Il primo ministro ha parlato di motivi di sicurezza, legati agli attacchi dell'Iran
TEL AVIV - «Ho dato istruzioni alle autorità competenti affinché al Cardinale Pierbattista Pizzaballa, Patriarca Latino, sia concesso pieno e immediato accesso alla Chiesa del Santo Sepolcro a Gerusalemme». Lo annuncia su X il premier israeliano Benjamin Netanyahu.
In merito ai fatti di ieri, quando la polizia ha impedito al patriarca di celebrare la messa della Domenica delle Palme, Netanyahu ha precisato che «negli ultimi giorni, l'Iran ha ripetutamente preso di mira con missili balistici i luoghi sacri di tutte e tre le religioni monoteiste di Gerusalemme. In un attacco, frammenti di missile sono caduti a pochi metri dalla Chiesa del Santo Sepolcro».

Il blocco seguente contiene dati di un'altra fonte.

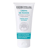 Nourishing and Repairing Hand Cream Hydrotelial 75ml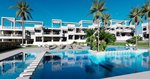 2 bedroom Villa for sale in Finestrat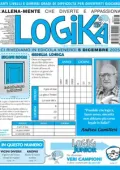 img Settimana Logika - Novembre 2025 [versione migliorata]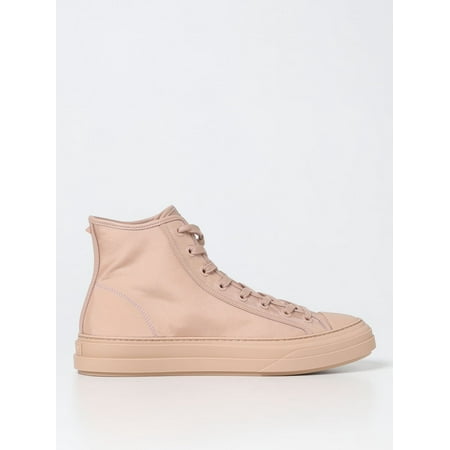 

Valentino Garavani Sneakers Men Yellow Cream Men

I have instructed the relevant authorities that Cardinal Pierbattista Pizzaballa, the Latin Patriarch, be granted full and immediate access to the Church of the Holy Sepulchre in Jerusalem.
— Benjamin Netanyahu - בנימין נתניהו (@netanyahu) March 29, 2026
Over the past several days, Iran has repeatedly targeted the holy sites of all three…

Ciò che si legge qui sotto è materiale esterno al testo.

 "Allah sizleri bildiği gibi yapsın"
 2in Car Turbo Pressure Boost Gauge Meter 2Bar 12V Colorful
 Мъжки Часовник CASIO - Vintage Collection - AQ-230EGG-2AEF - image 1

«Per proteggere i fedeli, Israele ha chiesto ai membri di tutte le fedi di astenersi temporaneamente dal pregare nei luoghi sacri cristiani, musulmani ed ebraici della Città Vecchia di Gerusalemme - prosegue Netanyahu -. Per particolare preoccupazione per la sua incolumità, al cardinale Pizzaballa è stato chiesto di astenersi dal celebrare la messa nella Chiesa del Santo Sepolcro. Pur comprendendo questa preoccupazione, non appena ho appreso dell'incidente con il cardinale Pizzaballa, ho dato istruzioni alle autorità affinché il Patriarca potesse celebrare le funzioni religiose come desidera».
A seguito di una «valutazione situazionale», la polizia israeliana ha approvato un «protocollo di preghiera limitato presso la Chiesa del Santo Sepolcro», ha comunicato dal canto suo un portavoce delle forze dell'ordine, sottolineando che le restrizioni nei luoghi santi privi di aree protette standard derivano dalle direttive del Comando del Fronte Interno e hanno lo scopo di tutelare i fedeli.
«Si precisa che anche la Piazza del Muro Occidentale e il complesso del Monte del Tempio sono chiusi ai fedeli, per motivi di sicurezza pubblica. I missili del regime iraniano non fanno distinzioni di religione o provenienza e il regime iraniano continua a lanciare missili contro aree popolate e luoghi santi», si legge nella nota della polizia.